Я хватаюсь за телефонную трубку:

— I, это вы?

— Да, я. Как вы поздно!

— Может быть, еще не поздно. Я хочу вас попросить… Я хочу, чтоб вы завтра были со мной. Милая…

«Милая» — я говорю совсем тихо. И почему-то мелькает то, что было сегодня утром на эллинге: в шутку положили под стотонный молот часы — размах, ветром в лицо — и стотонно-нежное, тихое прикосновение к хрупким часам.

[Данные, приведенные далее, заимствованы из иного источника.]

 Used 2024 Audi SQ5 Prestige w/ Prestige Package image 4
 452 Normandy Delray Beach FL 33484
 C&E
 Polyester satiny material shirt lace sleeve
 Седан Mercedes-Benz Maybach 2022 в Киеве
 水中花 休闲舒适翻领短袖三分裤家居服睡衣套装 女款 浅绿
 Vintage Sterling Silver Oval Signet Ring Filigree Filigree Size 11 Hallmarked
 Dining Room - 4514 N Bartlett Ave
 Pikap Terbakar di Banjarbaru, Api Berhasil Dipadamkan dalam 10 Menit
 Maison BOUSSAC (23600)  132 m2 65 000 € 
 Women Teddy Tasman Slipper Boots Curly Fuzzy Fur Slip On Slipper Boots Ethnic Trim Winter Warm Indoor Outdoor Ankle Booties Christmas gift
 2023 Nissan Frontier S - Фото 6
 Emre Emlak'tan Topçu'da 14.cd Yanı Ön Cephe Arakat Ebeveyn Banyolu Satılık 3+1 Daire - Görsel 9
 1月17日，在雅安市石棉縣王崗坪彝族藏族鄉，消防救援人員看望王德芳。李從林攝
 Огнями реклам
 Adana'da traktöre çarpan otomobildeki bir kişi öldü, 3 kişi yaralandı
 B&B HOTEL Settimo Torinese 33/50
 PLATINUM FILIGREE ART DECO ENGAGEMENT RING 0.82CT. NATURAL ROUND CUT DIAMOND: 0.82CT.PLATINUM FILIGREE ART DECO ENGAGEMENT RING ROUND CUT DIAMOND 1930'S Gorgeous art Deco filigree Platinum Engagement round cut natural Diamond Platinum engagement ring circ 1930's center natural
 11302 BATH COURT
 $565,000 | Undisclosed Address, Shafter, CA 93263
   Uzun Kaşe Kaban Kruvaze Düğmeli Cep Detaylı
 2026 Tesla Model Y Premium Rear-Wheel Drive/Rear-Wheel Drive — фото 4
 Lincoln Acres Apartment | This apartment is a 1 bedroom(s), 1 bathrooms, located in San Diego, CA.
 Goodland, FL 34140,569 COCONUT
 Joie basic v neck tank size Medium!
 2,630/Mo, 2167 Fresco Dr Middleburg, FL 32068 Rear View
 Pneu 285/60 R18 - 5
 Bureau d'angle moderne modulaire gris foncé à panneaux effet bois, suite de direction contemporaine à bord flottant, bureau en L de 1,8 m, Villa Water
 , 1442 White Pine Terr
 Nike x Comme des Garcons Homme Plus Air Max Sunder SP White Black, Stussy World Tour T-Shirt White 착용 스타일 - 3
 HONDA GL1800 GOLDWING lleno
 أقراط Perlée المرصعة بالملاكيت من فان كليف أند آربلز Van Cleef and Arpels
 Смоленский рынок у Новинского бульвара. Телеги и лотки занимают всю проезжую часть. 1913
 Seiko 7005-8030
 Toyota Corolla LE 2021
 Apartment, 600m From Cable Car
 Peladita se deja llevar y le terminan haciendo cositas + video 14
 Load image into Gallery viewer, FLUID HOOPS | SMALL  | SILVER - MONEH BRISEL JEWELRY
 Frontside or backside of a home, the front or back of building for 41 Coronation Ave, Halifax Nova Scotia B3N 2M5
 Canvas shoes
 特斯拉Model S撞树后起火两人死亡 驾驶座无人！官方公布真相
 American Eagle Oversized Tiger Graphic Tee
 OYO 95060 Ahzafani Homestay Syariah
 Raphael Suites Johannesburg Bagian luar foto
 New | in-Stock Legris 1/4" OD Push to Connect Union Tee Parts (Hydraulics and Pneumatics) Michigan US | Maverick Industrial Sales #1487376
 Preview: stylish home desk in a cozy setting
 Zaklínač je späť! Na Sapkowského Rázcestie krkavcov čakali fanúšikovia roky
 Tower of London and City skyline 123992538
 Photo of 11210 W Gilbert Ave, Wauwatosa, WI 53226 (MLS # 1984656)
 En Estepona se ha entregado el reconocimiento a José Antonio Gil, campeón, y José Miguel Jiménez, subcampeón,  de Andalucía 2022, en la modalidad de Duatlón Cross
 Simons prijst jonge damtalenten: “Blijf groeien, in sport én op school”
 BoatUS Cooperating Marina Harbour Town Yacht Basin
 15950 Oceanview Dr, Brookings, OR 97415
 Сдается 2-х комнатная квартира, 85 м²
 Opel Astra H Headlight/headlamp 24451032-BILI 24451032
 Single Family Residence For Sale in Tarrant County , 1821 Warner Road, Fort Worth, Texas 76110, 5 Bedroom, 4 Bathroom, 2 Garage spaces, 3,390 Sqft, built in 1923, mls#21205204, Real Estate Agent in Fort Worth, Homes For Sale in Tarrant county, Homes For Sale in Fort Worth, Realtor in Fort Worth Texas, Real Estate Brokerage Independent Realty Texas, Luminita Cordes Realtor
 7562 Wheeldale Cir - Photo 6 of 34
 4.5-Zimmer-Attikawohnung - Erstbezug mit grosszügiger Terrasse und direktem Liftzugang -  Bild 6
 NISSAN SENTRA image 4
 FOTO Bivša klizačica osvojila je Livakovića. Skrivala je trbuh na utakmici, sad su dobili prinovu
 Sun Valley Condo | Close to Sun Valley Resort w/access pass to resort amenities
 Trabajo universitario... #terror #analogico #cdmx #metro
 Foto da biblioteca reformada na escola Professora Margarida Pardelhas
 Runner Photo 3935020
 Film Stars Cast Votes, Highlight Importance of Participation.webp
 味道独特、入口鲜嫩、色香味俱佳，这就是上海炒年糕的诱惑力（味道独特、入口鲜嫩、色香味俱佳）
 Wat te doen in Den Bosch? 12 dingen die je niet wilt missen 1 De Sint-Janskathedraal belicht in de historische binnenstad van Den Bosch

Пауза. Мне чудится, я слышу там — в комнате I — чей-то шепот. Потом ее голос:

— Нет, не могу. Ведь вы понимаете: я бы сама… Нет, не могу. Отчего? Завтра увидите.

Ночь. Запись 25-я

Конспект: Сошествие с небес. Величайшая в истории катастрофа. Известное кончилось

Когда перед началом все встали и торжественным медленным пологом заколыхался над головами гимн — сотни труб Музыкального Завода и миллионы человеческих голосов, — я на секунду забыл все: забыл что-то тревожное, что говорила о сегодняшнем празднике I, забыл, кажется, даже о ней самой. Я был сейчас тот самый мальчик, какой некогда в этот день плакал от крошечного, ему одному заметного пятнышка на юнифе. Пусть никто кругом не видит, в каких я черных несмываемых пятнах, но ведь я-то знаю, что мне, преступнику, не место среди этих настежь раскрытых лиц. Ах, встать бы вот сейчас и, захлебываясь, выкричать все о себе. Пусть потом конец — пусть! — но одну секунду почувствовать себя чистым, бессмысленным, как это детски-синее небо.